# Pardon?..No, wait..WTF????



## girltrax101 (May 6, 2011)

So I'm sitting on my deck, again the sounds, view everything made me cry again..(I should keep my eyes on my ereader, maybe I wouldn't cry)..but I looked up and remembered, hence the tears. My husband came out and said, "oh luv, I hate to see you cry"....my answer "so go back in the house". He pulled up a chair, put his hand on my knee and said "after all that's happened, could you imagine yourself still living here"? My reply was "Yes G. I can, because I love you that much". "Even though I've asked you and your daughter to leave"?..."Yup, because I love you THAT much". After thinking about it for a while, he stood up and said "wow, well this sucks".....
Tell me ppl...wtf does that mean?
For the first time since all this happened, I layed in my bed imagining him saying "I was such a fool, please stay"....for the first time I said the words in my head "No."....Imagine that! Me saying "No, I can't stay"....something clicked in my head last night, one minute I'm telling him "yes I'd stay"...now last night and even now, I don't believe I could stay. I don't know what it was, but I do know my daughter and I deserve better....
I've spent the last month crying, throwing up, packing....and now today, him allowing me to think "wtf" about what he said, has made me think "why WOULD I stay with a man who has hurt me this deeply"....geez, took me long enough?


----------



## staircase (May 16, 2011)

It's a process. Sadly you can't stop caring about someone overnight. Most people look past the bad things, even the REALLY bad things when they love someone. It takes a while to be like "wait a minute..."


----------



## magnoliagal (Mar 30, 2011)

It means he's getting off on playing with your head. And you are a normal woman who happens to love him. The sooner you get out of there the sooner you will start to heal.


----------



## VLR (May 15, 2011)

He doesn't want you and he has told you in so many words. The fact that he's telling you in a faux sympathetic way is just so he can nurture his illusion of being the good guy whose relationship ended because "you" left. Whatever. This is still no different from yelling at you and throwing you out. 

I don't know what happened, but it doesn't sound like a healthy environment for you or your daughter. What do you stand to gain by staying? What do you think will happen if you stay?


----------



## DelinquentGurl (Mar 25, 2011)

It doesn't matter how long it has taken you to come to this realization, what is important is you have, and in doing so you have taken back some of the power that you have given to him.
You are absolutely right...you DO deserve better. You and your daughter both.
_Posted via Mobile Device_


----------



## sadand (Apr 2, 2011)

maybe acting that way makes him feel like he isn't really a bad guy. Do whatever you can not to cry in front of him. Its so awful, there really is no good way out except to take care of your self.


----------



## brighterlight (Aug 13, 2009)

Wow, what an a-hole! What is he looking for from you, sympathy and agreement that its for the better if you leave? Geez, go find yourself someone who sees and appreciates who you are - you do deserve better. Or dont but you need to be away from him for you and your daughter. I know it is difficult, especially when you still care for him.
_Posted via Mobile Device_


----------



## staircase (May 16, 2011)

sadand said:


> maybe acting that way makes him feel like he isn't really a bad guy. Do whatever you can not to cry in front of him. Its so awful, there really is no good way out except to take care of your self.

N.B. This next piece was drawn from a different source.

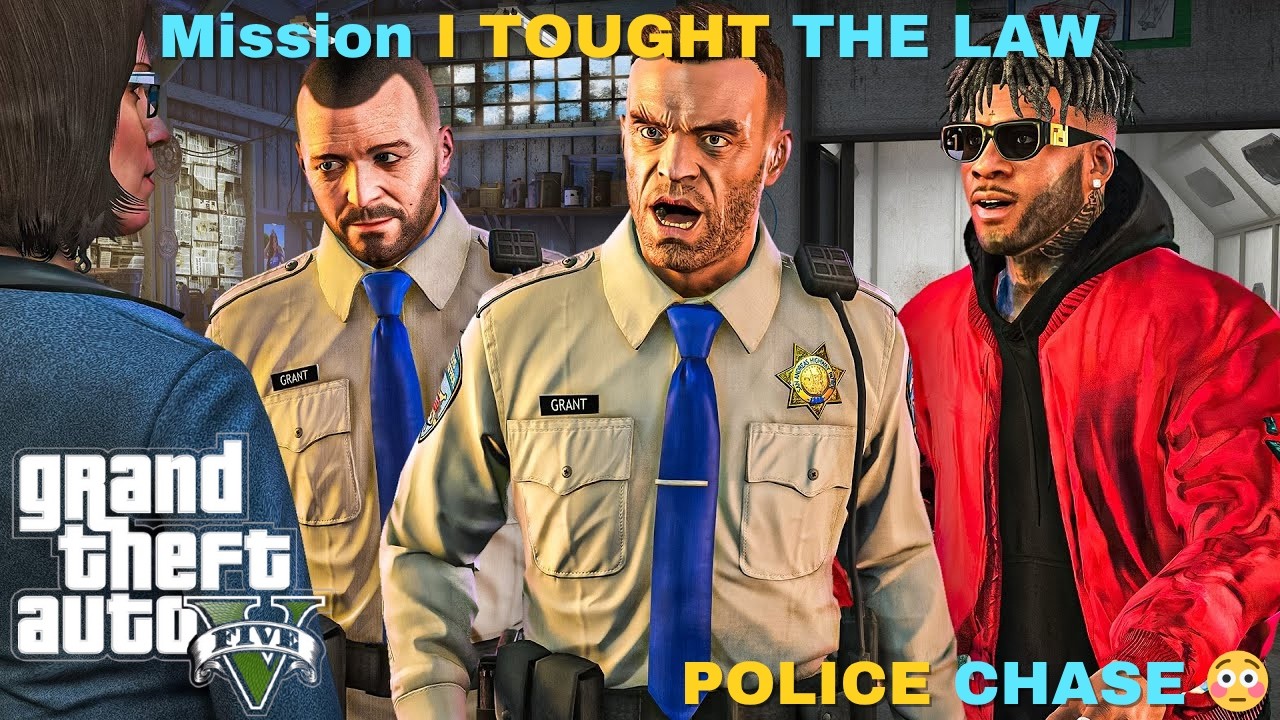 I Fought the Law GTA 5 | GTA V GAMEPLAY - YouTube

Soon to be ex was apologizing last night-he's sorry this is difficult. He's sorry I am hurting. W/e


----------



## girltrax101 (May 6, 2011)

You guys simply make me smile....because your words are very true. I think he's feeling very guilty for asking us to leave, as I really didn't do or say anything to warrant us having to leave. I think he wants me to "pretend" I'm ok, so that he feels better. I will never be "ok" again thanks to this. I will not trust another man, and I feel bad for the next guy who's going to have so many walls to break down....if there ever is a next one. I am going to focus on our move, and simply enjoy my daughter. She's this little sarcastic 12yr old, who makes me laugh even when I don't want to...God love her.


----------



## brighterlight (Aug 13, 2009)

It's not easy to regain trust. Give yourself time to heal. Not all men are untrustworthy. How you distinguish one from another is not possible to do becuase at first they will all want to be what you want them to be. But, you can see subtle things in their character that might point you in the right path to trust another man. All in due time if it is what you want and God willing. I truly believe that it is luck that you find "the one". And that means that it CAN happen. Allow yourself time to be you but, try to not deny yourself the joy that love brings being with someone else, with the right someone else. Thing is, relationships take hard work and commitment from both sides and if you find that other person who is willing to make the same commitment as you, then it'll work out. I know I am ranting, I would just hate to see you stay untrusting towards men to the point where you deny yourself the possibility of feeling truly loved again. That, to me, would be a hard place to be for an indefinite amount of time. But I do understand where you are now. Heck, I am still there, but I let myself hope. This forum has helped me to understand that there are woman out there that feel as I do and had the same commitments to their marriage and wedding vows as I did. So it gives reinforces hope for me. God Bless.


----------



## Runs like Dog (Feb 25, 2011)

I wouldn't even call it 'trust'. I'd call it compassionate vigilance or maybe heavily armed pacifism. If your husband or wife steps out on you and through some kind of magic you two get back together, it's not going to be what it was before. First off it wasn't the way it was before before. One of you was lying to the other. So that's not a goal. Secondly, you were messed up as a couple which lead one of you to lie and cheat and be a ho or man-ho. So....who wants that. 

No, I'd say that wherever you end up post-affair is where you're supposed to wind up. A little older, a little wiser, a little banged up. It's a like a car I used to own for a short time. I had one of those VW-Porsche 914's that suffered from somewhat typical engine fires. When I got it back from repair I never drove it the way I previously did. I had discovered its engineering limits.


----------



## brighterlight (Aug 13, 2009)

RLD, as for returning to the same spouse, I see your point. I don't think there is a way to get that trust back. But, if it is with a new person, you really don't know what will happen so you have to learn to open up your heart and trust again. Easier said then done, I know but really, trust is the very foundation of a great relationship. If that breaks, there are serious, probably irrepairable issues. I am not really sure that GT really meant trusting her ex again though; maybe I missed something.


----------